Comment by adrian_b

21 hours ago

Indexing does that, but the indices must vary in a certain range, whose limits are frequently determined by using something like "sizeof(array)/sizeof(element)" which is an unsigned number.

This is especially inconvenient in C, where there exist extremely dangerous legacy implicit casts between signed integers and unsigned integers, which have a great probability of generating incorrect values.

Because the index is typically a signed integer, comparing it with an unsigned limit without using explicit casts is likely to cause bugs. Using explicit casts of smaller unsigned integers towards bigger signed integers results in correct code, but it is cumbersome.

These problems are avoided as said in TFA, by making "sizeof" and the like to have 64-bit signed integer values, instead of unsigned values.

Well chosen implicit conversions are good for a programming language, by reducing unnecessary verbosity, but the implicit integer conversions of C are just wrong and they are by far the worst mistake of C much worse than any other C feature.
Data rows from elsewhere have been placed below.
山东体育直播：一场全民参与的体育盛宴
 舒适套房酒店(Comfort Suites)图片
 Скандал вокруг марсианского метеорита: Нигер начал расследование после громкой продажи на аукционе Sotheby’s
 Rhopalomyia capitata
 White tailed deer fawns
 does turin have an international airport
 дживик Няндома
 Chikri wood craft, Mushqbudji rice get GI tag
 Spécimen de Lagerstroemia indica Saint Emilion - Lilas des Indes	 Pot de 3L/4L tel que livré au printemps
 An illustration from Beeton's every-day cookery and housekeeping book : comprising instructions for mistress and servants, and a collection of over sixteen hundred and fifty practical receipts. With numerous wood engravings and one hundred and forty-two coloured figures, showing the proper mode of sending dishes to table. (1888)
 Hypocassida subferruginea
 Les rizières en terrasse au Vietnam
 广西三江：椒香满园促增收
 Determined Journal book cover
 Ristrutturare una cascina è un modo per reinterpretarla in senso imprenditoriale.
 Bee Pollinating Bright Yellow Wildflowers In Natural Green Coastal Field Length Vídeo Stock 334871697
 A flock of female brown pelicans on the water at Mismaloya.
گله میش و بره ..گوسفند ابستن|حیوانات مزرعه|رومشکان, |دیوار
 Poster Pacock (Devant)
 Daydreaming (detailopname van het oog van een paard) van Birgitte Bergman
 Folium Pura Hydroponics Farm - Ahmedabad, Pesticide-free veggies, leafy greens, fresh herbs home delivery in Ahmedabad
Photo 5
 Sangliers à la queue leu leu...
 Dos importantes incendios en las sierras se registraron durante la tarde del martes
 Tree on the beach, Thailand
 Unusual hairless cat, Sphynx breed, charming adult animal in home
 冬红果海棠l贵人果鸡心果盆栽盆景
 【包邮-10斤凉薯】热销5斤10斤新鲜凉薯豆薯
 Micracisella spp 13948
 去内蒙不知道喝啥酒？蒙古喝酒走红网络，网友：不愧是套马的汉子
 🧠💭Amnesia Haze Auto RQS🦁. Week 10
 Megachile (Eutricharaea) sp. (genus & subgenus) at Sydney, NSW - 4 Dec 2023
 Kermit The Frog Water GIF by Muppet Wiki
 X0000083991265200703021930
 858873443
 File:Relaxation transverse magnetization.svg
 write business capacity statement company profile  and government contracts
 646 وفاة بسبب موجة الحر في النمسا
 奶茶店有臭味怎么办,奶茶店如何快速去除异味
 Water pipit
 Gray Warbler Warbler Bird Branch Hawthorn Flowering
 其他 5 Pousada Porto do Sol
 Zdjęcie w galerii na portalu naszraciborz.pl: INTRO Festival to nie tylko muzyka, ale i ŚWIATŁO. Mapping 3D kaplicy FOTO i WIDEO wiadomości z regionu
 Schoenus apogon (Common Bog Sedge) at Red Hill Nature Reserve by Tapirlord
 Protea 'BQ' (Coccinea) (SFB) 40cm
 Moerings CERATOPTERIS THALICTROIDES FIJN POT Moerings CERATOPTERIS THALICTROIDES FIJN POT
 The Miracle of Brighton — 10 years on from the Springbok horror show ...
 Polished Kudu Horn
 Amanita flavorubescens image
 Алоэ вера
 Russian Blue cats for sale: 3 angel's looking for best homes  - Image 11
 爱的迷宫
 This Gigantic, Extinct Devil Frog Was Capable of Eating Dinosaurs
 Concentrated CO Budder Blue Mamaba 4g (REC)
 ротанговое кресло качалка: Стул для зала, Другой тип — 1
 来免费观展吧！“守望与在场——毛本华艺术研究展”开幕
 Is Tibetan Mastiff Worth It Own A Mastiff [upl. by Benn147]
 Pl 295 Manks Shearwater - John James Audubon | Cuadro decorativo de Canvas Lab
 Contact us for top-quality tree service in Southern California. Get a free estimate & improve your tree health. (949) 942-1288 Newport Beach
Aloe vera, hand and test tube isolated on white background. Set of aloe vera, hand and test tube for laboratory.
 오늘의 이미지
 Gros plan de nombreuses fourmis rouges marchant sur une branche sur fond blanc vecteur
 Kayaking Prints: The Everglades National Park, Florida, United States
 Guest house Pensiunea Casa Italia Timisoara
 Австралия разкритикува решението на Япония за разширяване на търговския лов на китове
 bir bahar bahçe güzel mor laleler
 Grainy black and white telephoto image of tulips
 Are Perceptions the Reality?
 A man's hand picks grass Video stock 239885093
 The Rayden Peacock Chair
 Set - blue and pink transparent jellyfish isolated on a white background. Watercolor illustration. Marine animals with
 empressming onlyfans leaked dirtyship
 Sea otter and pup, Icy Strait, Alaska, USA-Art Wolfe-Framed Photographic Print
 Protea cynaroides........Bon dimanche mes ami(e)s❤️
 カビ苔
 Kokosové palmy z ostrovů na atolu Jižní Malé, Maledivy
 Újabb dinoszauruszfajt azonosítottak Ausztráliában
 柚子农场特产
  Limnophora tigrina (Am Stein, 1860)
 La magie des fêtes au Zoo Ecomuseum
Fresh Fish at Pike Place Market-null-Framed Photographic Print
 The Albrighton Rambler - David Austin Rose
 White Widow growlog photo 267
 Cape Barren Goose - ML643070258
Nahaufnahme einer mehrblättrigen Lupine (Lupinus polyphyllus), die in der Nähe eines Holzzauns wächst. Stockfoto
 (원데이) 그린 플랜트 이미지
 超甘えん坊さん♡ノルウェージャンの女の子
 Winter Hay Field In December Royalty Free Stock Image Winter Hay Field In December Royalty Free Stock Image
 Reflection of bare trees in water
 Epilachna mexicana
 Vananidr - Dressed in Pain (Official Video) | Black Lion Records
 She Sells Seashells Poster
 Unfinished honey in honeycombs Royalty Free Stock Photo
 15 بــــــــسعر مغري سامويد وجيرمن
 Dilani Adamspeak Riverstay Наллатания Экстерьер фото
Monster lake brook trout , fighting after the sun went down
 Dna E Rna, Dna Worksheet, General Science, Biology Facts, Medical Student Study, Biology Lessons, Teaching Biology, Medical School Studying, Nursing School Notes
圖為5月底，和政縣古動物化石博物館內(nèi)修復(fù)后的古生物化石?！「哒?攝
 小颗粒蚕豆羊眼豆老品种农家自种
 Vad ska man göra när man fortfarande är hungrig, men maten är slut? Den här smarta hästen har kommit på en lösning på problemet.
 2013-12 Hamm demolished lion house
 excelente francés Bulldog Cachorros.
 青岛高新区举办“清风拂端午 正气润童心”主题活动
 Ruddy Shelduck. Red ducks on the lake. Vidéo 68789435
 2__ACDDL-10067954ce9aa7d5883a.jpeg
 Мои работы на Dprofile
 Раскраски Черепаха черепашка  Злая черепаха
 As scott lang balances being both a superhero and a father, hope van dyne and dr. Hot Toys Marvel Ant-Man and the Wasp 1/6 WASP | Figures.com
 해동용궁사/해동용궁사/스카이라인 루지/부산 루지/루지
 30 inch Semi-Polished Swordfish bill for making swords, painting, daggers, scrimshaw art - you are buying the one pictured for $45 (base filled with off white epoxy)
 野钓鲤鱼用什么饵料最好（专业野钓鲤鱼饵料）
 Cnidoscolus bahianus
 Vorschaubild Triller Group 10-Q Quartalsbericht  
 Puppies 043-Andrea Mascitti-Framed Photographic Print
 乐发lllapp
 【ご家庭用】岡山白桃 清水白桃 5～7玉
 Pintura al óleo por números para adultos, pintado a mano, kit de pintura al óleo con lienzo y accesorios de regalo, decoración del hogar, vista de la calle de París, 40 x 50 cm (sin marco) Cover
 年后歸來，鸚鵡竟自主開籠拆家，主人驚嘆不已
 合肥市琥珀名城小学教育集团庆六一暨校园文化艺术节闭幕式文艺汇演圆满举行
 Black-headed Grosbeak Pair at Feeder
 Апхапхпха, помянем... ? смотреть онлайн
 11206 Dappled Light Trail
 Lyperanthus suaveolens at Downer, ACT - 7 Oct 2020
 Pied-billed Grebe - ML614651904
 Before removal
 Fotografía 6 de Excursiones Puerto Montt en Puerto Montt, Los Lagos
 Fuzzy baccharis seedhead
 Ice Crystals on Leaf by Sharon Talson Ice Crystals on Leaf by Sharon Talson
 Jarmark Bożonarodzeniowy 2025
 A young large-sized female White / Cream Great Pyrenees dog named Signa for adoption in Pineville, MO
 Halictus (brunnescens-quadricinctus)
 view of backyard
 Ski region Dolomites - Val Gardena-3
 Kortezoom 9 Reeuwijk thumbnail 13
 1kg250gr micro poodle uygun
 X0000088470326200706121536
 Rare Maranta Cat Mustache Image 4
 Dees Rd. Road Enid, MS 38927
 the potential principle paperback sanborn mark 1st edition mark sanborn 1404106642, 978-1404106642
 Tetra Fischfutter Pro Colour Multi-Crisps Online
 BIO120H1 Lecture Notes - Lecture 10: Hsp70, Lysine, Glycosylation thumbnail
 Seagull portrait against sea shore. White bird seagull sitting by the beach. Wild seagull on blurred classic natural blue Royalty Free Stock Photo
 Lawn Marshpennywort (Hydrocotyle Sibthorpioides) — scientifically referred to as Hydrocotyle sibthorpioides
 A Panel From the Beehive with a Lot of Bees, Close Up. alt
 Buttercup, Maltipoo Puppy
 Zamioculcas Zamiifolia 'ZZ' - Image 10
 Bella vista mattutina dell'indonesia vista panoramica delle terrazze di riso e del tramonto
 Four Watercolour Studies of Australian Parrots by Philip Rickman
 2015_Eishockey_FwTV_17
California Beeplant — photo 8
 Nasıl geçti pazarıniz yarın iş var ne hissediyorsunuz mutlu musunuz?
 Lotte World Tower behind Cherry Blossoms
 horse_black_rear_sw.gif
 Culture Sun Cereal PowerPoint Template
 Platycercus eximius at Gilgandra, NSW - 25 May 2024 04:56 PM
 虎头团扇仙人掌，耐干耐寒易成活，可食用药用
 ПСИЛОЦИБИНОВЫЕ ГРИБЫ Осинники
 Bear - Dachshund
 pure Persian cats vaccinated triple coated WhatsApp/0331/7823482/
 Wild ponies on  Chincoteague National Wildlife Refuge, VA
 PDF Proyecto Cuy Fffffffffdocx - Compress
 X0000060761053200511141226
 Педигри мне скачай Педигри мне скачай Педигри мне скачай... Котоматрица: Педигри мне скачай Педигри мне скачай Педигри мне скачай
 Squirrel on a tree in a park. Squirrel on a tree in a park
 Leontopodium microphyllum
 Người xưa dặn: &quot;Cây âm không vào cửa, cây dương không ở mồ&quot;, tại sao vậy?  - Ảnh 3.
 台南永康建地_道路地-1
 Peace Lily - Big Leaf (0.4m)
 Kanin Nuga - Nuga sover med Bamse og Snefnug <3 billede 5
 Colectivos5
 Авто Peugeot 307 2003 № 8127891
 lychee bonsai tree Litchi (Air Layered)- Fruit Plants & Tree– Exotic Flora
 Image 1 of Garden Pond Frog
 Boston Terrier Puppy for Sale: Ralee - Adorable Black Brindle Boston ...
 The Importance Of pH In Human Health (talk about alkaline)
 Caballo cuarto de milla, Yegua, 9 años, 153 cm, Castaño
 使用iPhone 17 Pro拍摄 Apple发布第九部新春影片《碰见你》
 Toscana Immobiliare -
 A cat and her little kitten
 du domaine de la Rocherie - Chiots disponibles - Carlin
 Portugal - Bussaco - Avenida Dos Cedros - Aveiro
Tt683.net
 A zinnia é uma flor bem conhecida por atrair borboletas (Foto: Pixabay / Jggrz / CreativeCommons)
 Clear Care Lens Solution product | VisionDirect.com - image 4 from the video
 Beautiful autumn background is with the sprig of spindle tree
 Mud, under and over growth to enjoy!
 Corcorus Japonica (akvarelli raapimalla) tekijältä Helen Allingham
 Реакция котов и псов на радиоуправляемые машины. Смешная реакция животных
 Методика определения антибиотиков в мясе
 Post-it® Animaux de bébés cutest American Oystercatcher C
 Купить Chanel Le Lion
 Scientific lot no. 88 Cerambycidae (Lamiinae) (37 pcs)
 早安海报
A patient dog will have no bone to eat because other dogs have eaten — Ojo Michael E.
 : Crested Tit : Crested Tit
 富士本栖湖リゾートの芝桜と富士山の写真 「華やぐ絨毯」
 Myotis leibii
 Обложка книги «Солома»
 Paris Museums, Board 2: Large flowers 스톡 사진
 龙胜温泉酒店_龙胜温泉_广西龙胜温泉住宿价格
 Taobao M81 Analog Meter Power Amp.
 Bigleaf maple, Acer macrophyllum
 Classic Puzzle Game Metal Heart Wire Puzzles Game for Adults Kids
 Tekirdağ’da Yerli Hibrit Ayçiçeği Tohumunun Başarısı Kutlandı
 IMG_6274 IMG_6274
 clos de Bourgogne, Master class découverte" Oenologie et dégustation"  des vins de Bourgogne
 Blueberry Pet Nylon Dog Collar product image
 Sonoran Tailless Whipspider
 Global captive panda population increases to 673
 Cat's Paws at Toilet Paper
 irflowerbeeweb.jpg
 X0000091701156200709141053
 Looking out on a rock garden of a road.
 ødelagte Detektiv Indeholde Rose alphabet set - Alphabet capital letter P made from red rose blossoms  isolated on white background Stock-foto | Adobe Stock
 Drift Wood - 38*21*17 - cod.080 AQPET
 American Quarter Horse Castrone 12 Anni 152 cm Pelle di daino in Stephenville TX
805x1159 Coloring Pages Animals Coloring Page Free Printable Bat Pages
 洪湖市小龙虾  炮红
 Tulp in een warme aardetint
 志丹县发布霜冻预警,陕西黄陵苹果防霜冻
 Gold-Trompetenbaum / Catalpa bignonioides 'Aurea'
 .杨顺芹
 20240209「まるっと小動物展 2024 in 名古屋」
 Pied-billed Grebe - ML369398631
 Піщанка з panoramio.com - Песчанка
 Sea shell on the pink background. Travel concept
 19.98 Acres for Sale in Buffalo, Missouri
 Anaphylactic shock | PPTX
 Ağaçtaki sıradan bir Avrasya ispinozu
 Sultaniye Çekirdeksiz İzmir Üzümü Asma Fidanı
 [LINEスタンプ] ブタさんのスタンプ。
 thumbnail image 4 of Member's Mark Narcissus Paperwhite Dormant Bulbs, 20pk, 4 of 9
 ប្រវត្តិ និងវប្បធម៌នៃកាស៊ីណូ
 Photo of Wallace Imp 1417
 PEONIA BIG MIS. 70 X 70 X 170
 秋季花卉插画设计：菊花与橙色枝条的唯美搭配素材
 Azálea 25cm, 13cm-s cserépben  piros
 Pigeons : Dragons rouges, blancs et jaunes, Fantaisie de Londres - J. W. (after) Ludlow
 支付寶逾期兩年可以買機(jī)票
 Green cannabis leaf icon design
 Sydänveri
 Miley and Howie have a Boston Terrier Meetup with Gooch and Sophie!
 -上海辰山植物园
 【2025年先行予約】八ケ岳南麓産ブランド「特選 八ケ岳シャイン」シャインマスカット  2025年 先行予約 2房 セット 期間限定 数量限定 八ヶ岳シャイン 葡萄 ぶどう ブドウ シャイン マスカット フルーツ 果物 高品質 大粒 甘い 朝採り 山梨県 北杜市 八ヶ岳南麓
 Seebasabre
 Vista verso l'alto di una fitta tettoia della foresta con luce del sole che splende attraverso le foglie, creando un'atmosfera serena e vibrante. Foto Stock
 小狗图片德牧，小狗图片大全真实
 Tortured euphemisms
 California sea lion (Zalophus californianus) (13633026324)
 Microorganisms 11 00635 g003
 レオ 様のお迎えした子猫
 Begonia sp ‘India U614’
Other C features are criticized because they may be misused by inexperienced or careless programmers, but most of the implicit integer conversions are just incorrect. There is no way of using them correctly. Only the conversions from a smaller signed integer to a bigger signed integer are correct.

Mixed signedness conversions have always been wrong and the conversions between unsigned integers have been made wrong by the change in the C standard that has decided that the unsigned integers are integer residues modulo 2^N and they are not non-negative integers.

For modular integers, the only correct conversions are from bigger numbers to smaller numbers, i.e. the opposite of the implicit conversions of C. The implicit conversions of C unsigned numbers would have been correct for non-negative integers, but in the current C standard there are no such numbers.

The current C standard is inconsistent, because the meaning of sizeof is of a non-negative integer and this is also true for the conversions between unsigned numbers, but all the arithmetic operations with unsigned numbers are defined to be operations with integer residues, not operations with non-negative numbers.

The hardware of most processors implements at least 3 kinds of arithmetic operations: operations with signed integers, operations with non-negative integers and operations with integer residues.

Any decent programming language should define distinct types for these kinds of numbers, otherwise the only way to use completely the processor hardware is to use assembly language. Because C does not do this, you have to use at least inline assembly, if not separate assembly source files, for implementing operations with big numbers.

3 comments

adrian_b

uecker 21 hours ago

Not sure what change in the C standard you mean. unsingned was always modulo. Otherwise, use -Wsign-conversion.

adrian_b 20 hours ago
Nope.
It was undefined what happens at unsigned overflows and underflows. Therefore a compiler could choose to implement "unsigned" as either non-negative numbers or as integer residues.
The fact that "sizeof" is unsigned and the implicit conversions between "unsigned" numbers are consistent only with non-negative numbers. Therefore the undefined behavior should have been defined correspondingly.
Instead of this, at some version of the standard, I am lazy to search it now, but it might have been C99, they have changed the behavior from undefined to defined as the behavior of integer residues.
I do not know the reason for this choice, it may have been just laziness, because it is easier to implement in compilers and it leads to maximum performance in the absence of bugs. In any case this decision has broken the standard, because the arithmetic operations have become incompatible with the implicit conversions between "unsigned" types and with the semantics of "sizeof", which must be non-negative.
For non-negative numbers, the correct conversions are from smaller sizes to bigger sizes, while for integer residues the correct conversions are only in the opposite direction, from bigger sizes to smaller sizes (e.g. a number that is 257 modulo 65536 is also 1 modulo 256, so truncating it yields a correct value, while a number that is 1 modulo 256 when modulo 65536 it could be 257, 511, 769 etc. so you cannot extend it without additional information).
Judging from the implicit conversions, it is clear that the intention of the designers of C during the seventies was that "unsigned" numbers must be non-negative integers and not integer residues. The modern C standard is guilty of the current inconsistencies that greatly increase the chances of bugs
- uecker 11 hours ago
  
  My copy of K&R already has unsigned modulo arithmetic: "unsigned numbers are always positive or zero, and obey the laws of arithmetic modulo 2n, where n is the number of bits in the type." So if it changed it was before that, but don't think so.
  I get your argument about the conversion order, but I do not buy it in terms of language design. You also do not want to go to a quotient ring implicitly, so I do not agree that this conversion direction would be more "correct" for implicit conversion either and from a practical point of view the C design is defensible.
  I think the motivation originally was merely to expose the common capabilities of the hardware, nothing more. What we miss from this perspective are polynomials over F_2, but nobody pushed for this too hard so far.